-- Required work --
The lines needed are those below that contain the word "Women"; copy each one.

-- Extracted records --
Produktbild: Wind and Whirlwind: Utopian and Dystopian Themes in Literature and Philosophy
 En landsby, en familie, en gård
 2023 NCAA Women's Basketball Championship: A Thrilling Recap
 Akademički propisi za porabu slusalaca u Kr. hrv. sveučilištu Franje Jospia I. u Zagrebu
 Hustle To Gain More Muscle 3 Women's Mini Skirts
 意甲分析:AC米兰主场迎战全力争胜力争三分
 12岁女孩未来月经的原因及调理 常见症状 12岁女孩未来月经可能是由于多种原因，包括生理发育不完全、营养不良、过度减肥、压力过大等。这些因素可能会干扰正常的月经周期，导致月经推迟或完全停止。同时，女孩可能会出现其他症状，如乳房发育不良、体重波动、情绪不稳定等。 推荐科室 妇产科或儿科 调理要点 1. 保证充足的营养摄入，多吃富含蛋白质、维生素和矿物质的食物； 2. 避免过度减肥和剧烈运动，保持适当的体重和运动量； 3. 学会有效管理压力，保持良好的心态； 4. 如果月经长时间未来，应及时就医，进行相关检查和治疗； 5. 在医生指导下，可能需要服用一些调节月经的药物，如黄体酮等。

-- Exercise answer --
 2023 NCAA Women's Basketball Championship: A Thrilling Recap
 Hustle To Gain More Muscle 3 Women's Mini Skirts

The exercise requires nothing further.